Task ->
Pictures are not part of the copy; reproduce the remaining data exactly.

Data shown ->

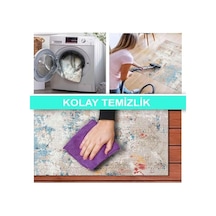 Dizayn Laray Desenli Kadife Pamuk Tabanlı Yıkanabilen Kaydırmaz Antibakteriyel Salon Halısı 200x300 1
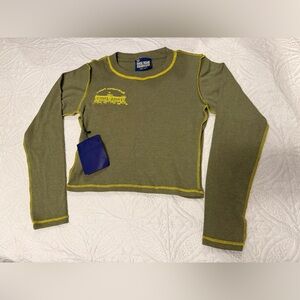 Lisa Says Gah Olive Long Sleeve Tee with Yellow Trim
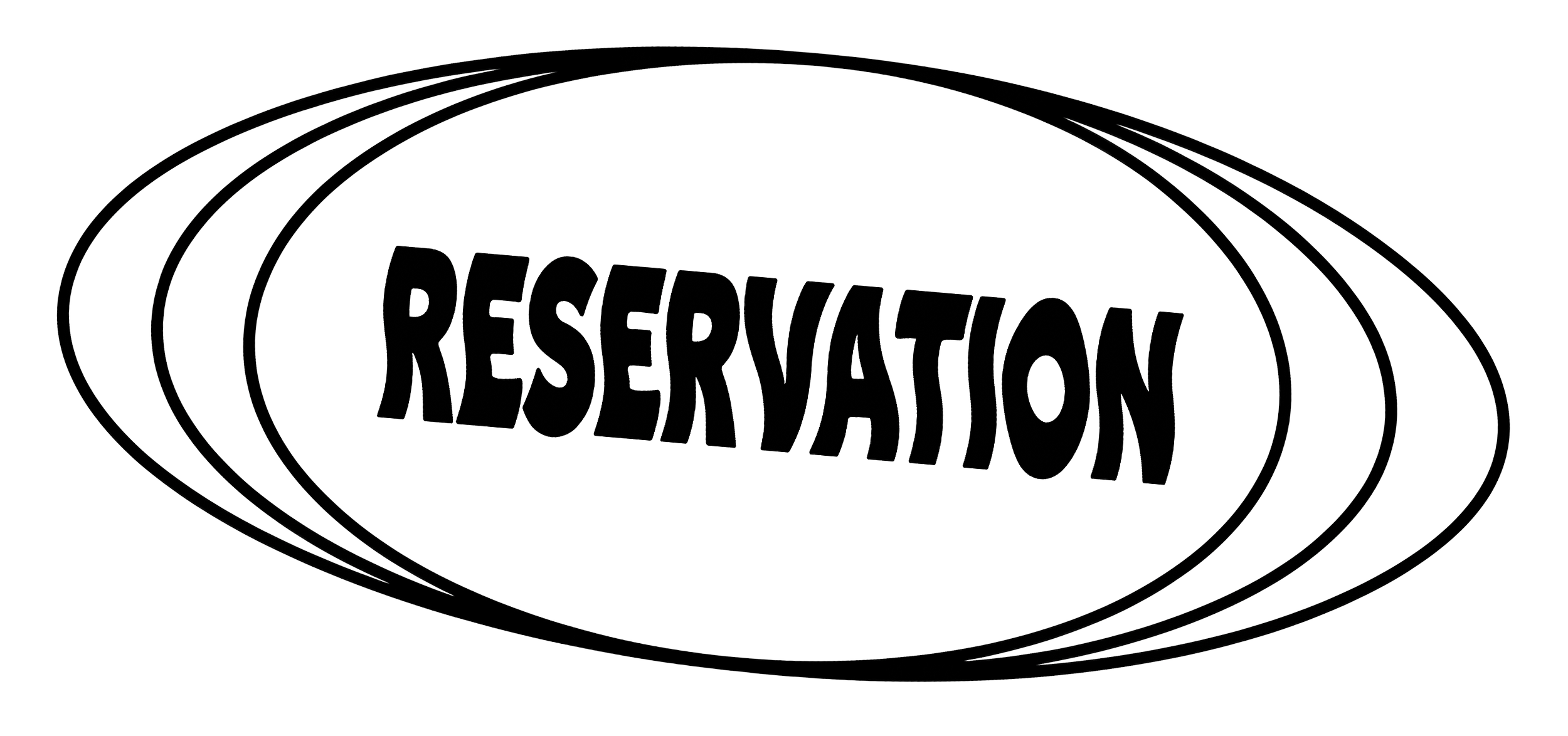 Mot réservé aux réservations écrit en blanc sur un fond noir avec plusieurs contours ovales.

Result below ->
 Dizayn Laray Desenli Kadife Pamuk Tabanlı Yıkanabilen Kaydırmaz Antibakteriyel Salon Halısı 200x300 1
 Lisa Says Gah Olive Long Sleeve Tee with Yellow Trim
 Mot réservé aux réservations écrit en blanc sur un fond noir avec plusieurs contours ovales.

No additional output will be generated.